Below are some action shots of the student groups.

This student compares two works from Picasso, "The Crying Woman" in the left hand  and "Les Demoiselle d'Avignon" in the right hand as Leonardo da Vinci's Mona Lisa lay on the table adjacent to an image of the Tate Modern in London. All referenced in Jay Z's song "Picasso Baby".

Two students discuss the philosophy of Mark Rothko and how not only his art but the philosophy behind it can be incorporated into their composition.                                                                                                                                     Jay - Z's lyrics: "I'm never satisfied, can't knock my hustle. I wanna Rothko, no I wanna brothel".


Scattered on the students desk are the lyrical references which compose Jay Z's Song "Picasso Baby". Centered on the table is an image of the Tate Modern, The student with at the bottom of the photo has dissected an Andy Warhol and a Mona Lisa image. To the far side of the table a student has in her grasp concept imagery of Riccardo Tisci Givenchy clothes flanked by a Picasso. Jay Z's lyrics: I just wanna live life colossal, Leonardo Da Vinci flows, Riccardo Tisci Givenchy clothes...

Abstract Art Inspired by Jay Z's - "Picasso Baby"

Each group was given 45 minutes to create their abstracted representations of Picasso Baby, some of the results are below. As expected, students deviated from the initial directions as not to limit their creative abilities, similar to what we are currently seeing within hip hop music today. I see no problem with bending the rules, break the mold, be new, be daring, especially if it heightens your results.

Title - "Face Forward" - This piece is a representation of the many faces which make up America and the right way to tackle diversity. The strips of imagery are woven together making the following statement. To overcome social issues amongst diverse individuals, we must seek to not simply coexist in space, but find overlapping similarities which allow our lives to become woven and see the strength and beauty we are able to exhibit as a unit.

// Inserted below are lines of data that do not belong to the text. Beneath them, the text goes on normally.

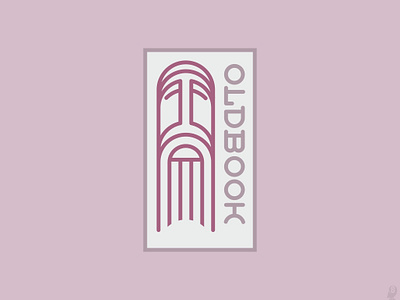 OLDBOOK beard book bookface character face facebook illusion intelligent literature logo old oldbook oldman pages philosopher reader sage smart wiseacre writer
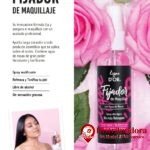 FIJADOR DE MAQUILLAJE CON AGUA DE ROSAS, CONT 55 ML DE LIGNE D´OR
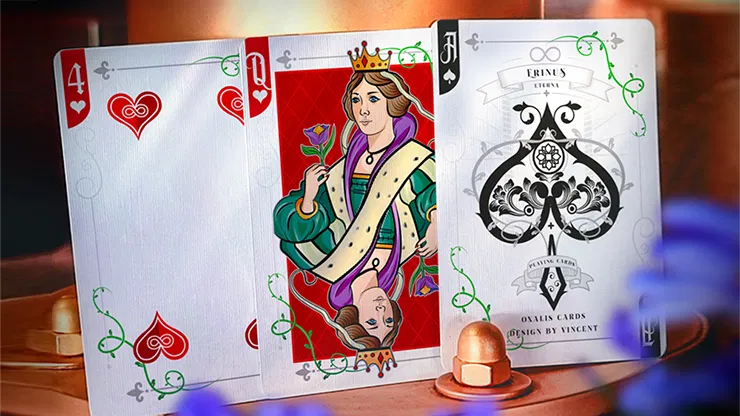 Erinus Eterna Gold Edition Playing cards - image 3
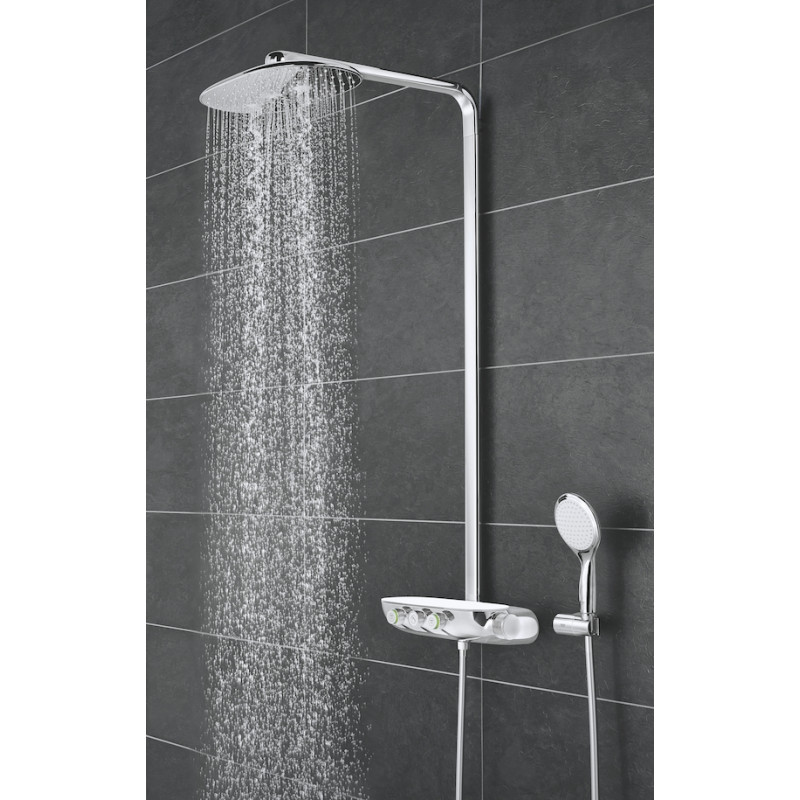 Grohe 26250000 Rainshower System SmartControl 360 Душова система д/душу з термостатом inshower System SmartControl 360 Душова система д/душу з термостатом (26250000)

Title - Facing Your Fears / Lost of Innocence - This group piece represents the individual's reflection of the temptations that he faces as he proceeds into the world from the warm embrace of his mother's arms. There are three frames in which a man can view himself in society and the temptations and challenges fluctuate between those frames, the first frame is viewing the world while in your mother's embrace, the second frame is envisioning ones self in society prior to moving into the world, the last frame is the first person account of what happens in the world.

Title - No Ceiling - It's a representation of glass ceilings to the possibilities found in the sky (celebrity, fame, wealth, opportunity, etc.) as represented by "celebrate Hollywood", the woman character below is in a very eccentric, upscale-looking garb despite being at the bottom. She is at the bottom of the map (literally), the food chain, surrounded by a high rise housing project. The red is symbolic of blood shed found at that bottom level resulting from attempts to ascend to the top. There are also two black power fists here representative of pride and the iron fist that systemically dominates people at this level. There's so much white space to represent how vast and bleak the distance is as one ascends/descends the scale presented. The strips of gold along the literal, glass ceiling is to tease what success may bring before seeing the true heights of potential success.

Title - "Poser Macklemore Wins Grammy For Pants"

Title - Everything That Glitters Aint' Gold - This piece is about the saturation of materialism and sexuality in society.

Yes the title was a bit misleading...or was it? I hope you enjoyed. More to come soon!